Plácido Domingo continue à chanter Germont avec un beau phrasé, une variété de couleurs, un effort pour garder toutes les nuances et c’est absolument fascinant de voir comment cet immense artiste pèse chaque mot, et fait entendre le texte avec une maîtrise stupéfiante. Le timbre est devenu plus opaque, inévitable effet de l'âge, mais le volume passe, mais à certains moments on retrouve le Domingo de toujours, même si à la fin de Di Provenza il mar, le souffle manquait un peu. Chapeau !
Stephen Costello aurait intérêt à bien écouter la manière de Domingo. Car la différence est abyssale entre les deux styles de chant. Costello a des qualités de diction, de clarté, il a un joli timbre. Mais aucun engagement vocal, aucune émotion, aucun pathos, aucun charisme : sur scène il reste raide et bien sage. Là où Domingo met du sens dans chaque mot, vibre derrière chaque phrase, Costello marque par son absence et par sa fadeur ; et c’est d’autant plus dommage qu’il a des qualités techniques indéniables. Le maillon faible.
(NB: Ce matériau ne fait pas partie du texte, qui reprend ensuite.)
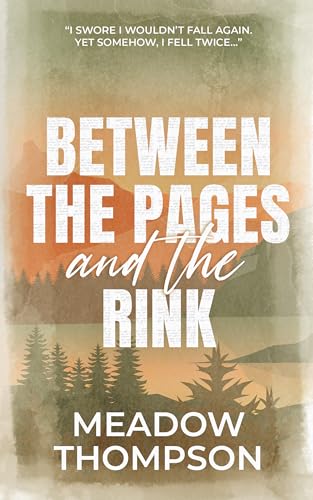 Between The Pages And The Rink (Kindle Edition)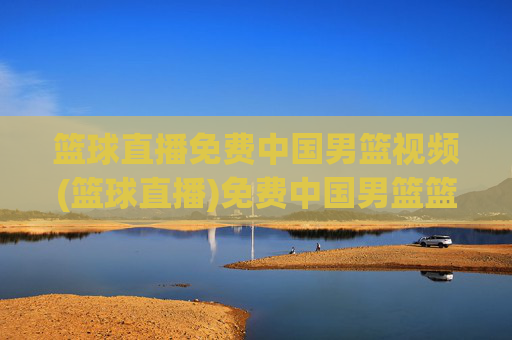 篮球直播免费中国男篮视频(篮球直播)免费中国男篮篮球直播视频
Lisette Oropesa garde une ligne de chant impeccable et dominée de bout en bout. La voix est homogène du grave à l’aigu, la présence scénique forte, émouvante. Mais au-delà du succès et de la prise sur le public, toujours marquants, on a entendu ailleurs ses aigus plus triomphants et un souffle plus large. Son è strano a l’homogénéité voulue, les agilités sûres, mais les aigus – tenus et justes – un peu plus courts que d’habitude. Son Addio del passato est très bien assuré et fort solide, cependant on aurait peut-être aimé une voix un poil plus allégée, plus diaphane, plus malade. Mais je pinaille. La présence est telle que Lisette Oropesa réussit toujours à bouleverser.
En fosse la jeune cheffe Giedrė Šlekytė n’a visiblement pas de familiarité avec Verdi. Sa direction n’impulse aucune couleur, aucun rythme et surtout ne donne jamais à entendre les raffinements d’orchestration verdienne. On a l’impression quelquefois que le plateau impose ses rythmes. Tantôt l’orchestre qui évidemment connaît sa Traviata se fait entendre de manière bien traditionnelle (Amami Alfredo) et ailleurs, on ne l’entend pas ou à peine, notamment pendant le premier acte, tandis que le prélude manque de transparence et de finesse. C’est dommage, on aurait aimé découvrir bien autre autre chose dans ce travail.
En somme, une soirée pour Domingo et Oropesa.